The Magic of Mulch

It’s difficult to understand the importance of mulch, or even how to properly use it, when there are so many bad examples around our city. When parkway trees have mulch volcanos piled close to the trunk or urban farms have mostly bare soil, it’s hard to know what the best practices are for this important resource.

img_5066

Although the materials are on the right track, there are problems with this style of sheet mulching.

Although tended vegetable beds are hardly part of a natural habitat, it’s good to think about the processes that contribute to healthy, self-sustaining environments and try as best as possible to mimic them. Every autumn, deciduous trees drop leaves on the soil in the forest, creating a thick layer to help with moisture and nutrient retention; provide habitat for beneficial microbes and macrobes; insulate against fluctuating temperatures and frost heaving; and gradually decompose, adding organic matter to the soil. This is exactly what you want to try to do in your own garden.

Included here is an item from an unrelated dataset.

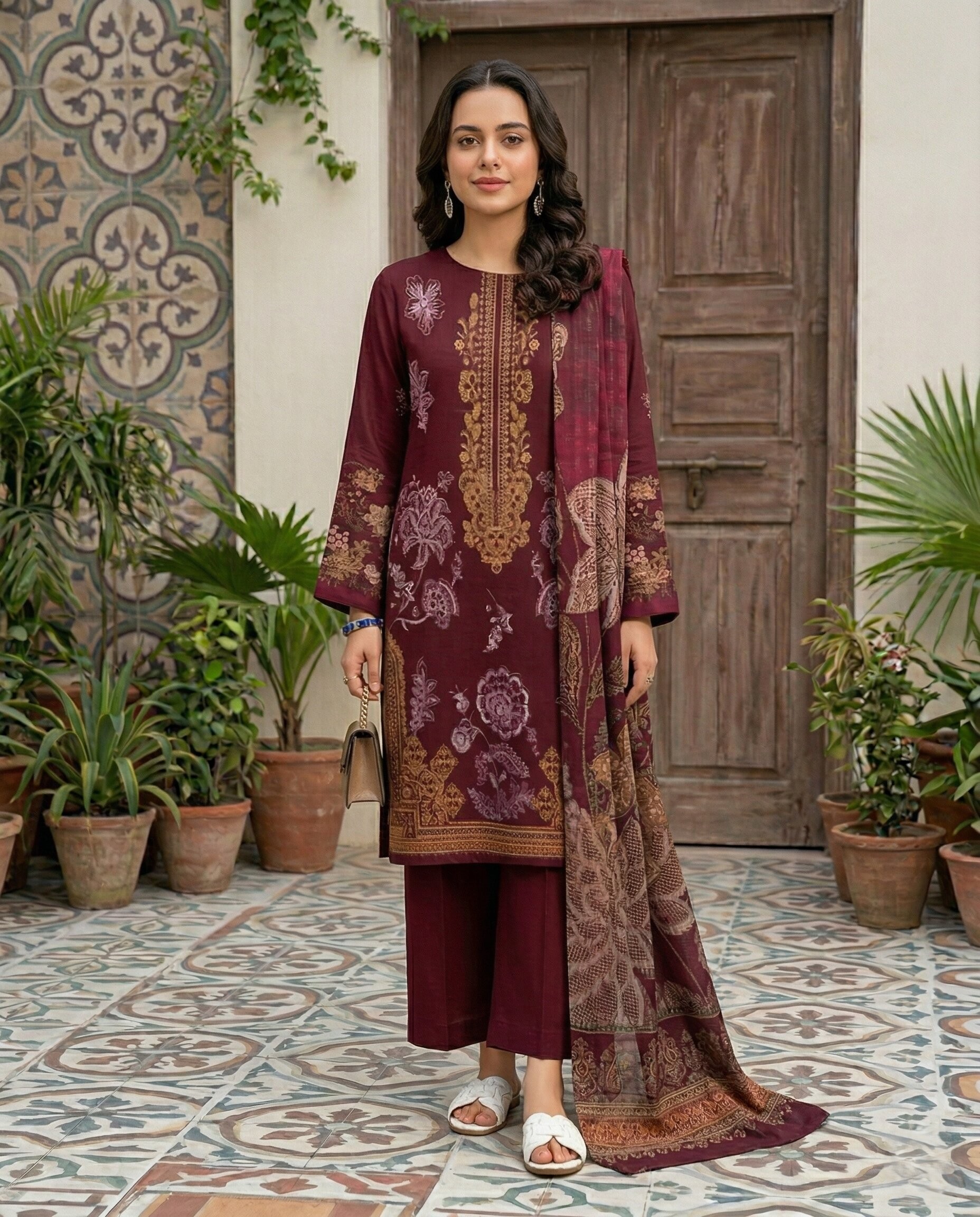 Maroon Printed 3 Piece Lawn Unstitched Suit – Everyday Wear Collection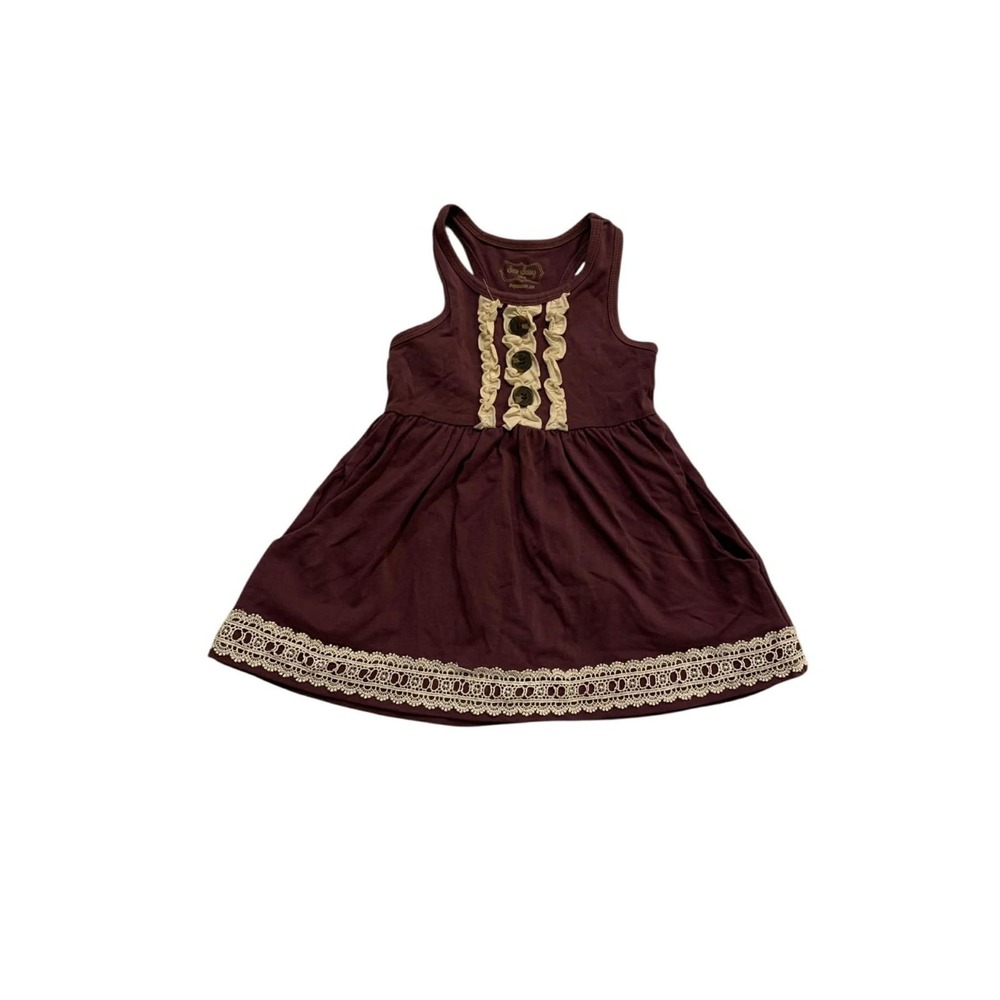 Sew Sassy Boutique Baby Girl Dress Plum Burgundy Ruffle & Lace Size 12M Pockets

This fall, cover your vegetable garden beds with a 2-4″ thick layer of plant-based materials, such as deciduous tree leaves, cocoa shell mulch, straw, uncomposted plant material (such as corn stalks), or even jute coffee sacks. Although dyed shredded bark, recycled shredded rubber, gravel, and large pebbles are sold in the mulch section at the garden center, not all of these contribute the basic functions of mulch in the garden. Not only does the mulch material matter, but the size of the material affects whether the mulch will be effective. Shredded wood chips (undyed, not bark-based) are great, especially for perennial beds, while sawdust is not.